Fig 2. C-terminus of TOSV NSs is linked to E3 ubiquitin ligase activity.

The fusion of TOSV NSs C-terminus to Sandfly Fever Naples Virus (SFNV) NSs conferred it a different behaviour. (A, left panel) The chimeric protein cSFNV NSs was tested for its degrading activity on RIG-I co-transfected cells, by immunofluorescence, using specific antibodies [RIG-I (□), NSs (■)]. Graphs are based on the mean values of three independent experiments ± SD. (A, right panel) A more accurate analysis of cellular RIG-I degradation was performed in co-transfected cells by immunoblotting on the whole cell lysates using anti-FLAG or anti-6xHis antibodies.

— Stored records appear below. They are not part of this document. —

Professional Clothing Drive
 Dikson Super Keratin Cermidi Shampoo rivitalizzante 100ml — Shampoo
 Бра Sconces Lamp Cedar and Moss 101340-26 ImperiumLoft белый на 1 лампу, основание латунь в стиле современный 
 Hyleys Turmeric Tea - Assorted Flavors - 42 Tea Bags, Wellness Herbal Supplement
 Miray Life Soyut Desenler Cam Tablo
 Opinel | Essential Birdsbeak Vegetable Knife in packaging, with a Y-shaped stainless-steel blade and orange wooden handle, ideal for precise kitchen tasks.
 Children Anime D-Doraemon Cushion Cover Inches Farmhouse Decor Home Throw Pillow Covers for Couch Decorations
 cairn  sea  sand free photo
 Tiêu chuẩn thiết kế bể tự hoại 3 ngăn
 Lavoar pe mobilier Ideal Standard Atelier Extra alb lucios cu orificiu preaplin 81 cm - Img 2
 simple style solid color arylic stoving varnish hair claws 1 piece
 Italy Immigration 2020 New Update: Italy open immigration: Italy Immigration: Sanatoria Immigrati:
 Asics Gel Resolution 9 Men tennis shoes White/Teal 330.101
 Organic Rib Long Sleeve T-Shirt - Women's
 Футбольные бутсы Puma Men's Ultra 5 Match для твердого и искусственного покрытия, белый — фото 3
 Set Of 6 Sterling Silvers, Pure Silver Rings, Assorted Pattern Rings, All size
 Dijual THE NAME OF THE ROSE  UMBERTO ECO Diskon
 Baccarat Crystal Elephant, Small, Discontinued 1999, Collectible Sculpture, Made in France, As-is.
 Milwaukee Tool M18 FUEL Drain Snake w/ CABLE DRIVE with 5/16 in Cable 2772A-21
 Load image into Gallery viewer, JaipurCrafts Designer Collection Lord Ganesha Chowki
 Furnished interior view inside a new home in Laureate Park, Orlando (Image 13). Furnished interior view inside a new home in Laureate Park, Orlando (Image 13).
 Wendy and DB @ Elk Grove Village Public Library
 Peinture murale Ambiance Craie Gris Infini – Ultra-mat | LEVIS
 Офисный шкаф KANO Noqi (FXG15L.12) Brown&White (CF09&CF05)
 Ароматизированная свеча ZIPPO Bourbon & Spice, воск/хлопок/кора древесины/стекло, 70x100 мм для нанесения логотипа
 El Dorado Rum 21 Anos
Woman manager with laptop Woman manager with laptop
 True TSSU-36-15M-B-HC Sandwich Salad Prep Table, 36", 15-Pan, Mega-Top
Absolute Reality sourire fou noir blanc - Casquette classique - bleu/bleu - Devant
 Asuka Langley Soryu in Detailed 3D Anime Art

The intensity of the RIG-I band was quantified by densitometry (Supplement data 3). (B) Lenti-X 293T cells were transfected with IFN-β reporter plasmid, FLAG-RIG-I expression plasmid along with TOSV wt-NSs, SFNV wt-NSs or chimeric cSFNV NSs expressing plasmids. Luciferase activities were measured after poly(I:C) treatment. Fold induction was calculated for each sample with respect to the basal empty plasmid transfected sample, after normalization of the signal with the pSV40-RenLuc internal control. The mean values of at least three sets of experiments ± SD are presented. C) cSFNV NSs showed E3 ubiquitin ligase activity in the biochemical reaction, in association with UbcH5b/c as E2. Poly-ubiquitinated bands of rRIG-I CARDs were detected by immunoblotting using anti-RIG-I or anti-Ub antibodies when cSFNV or TOSV NSs was used in the reaction in place of E3 Ub ligase. No ubiquitination activity was shown when SFNV NSs was used.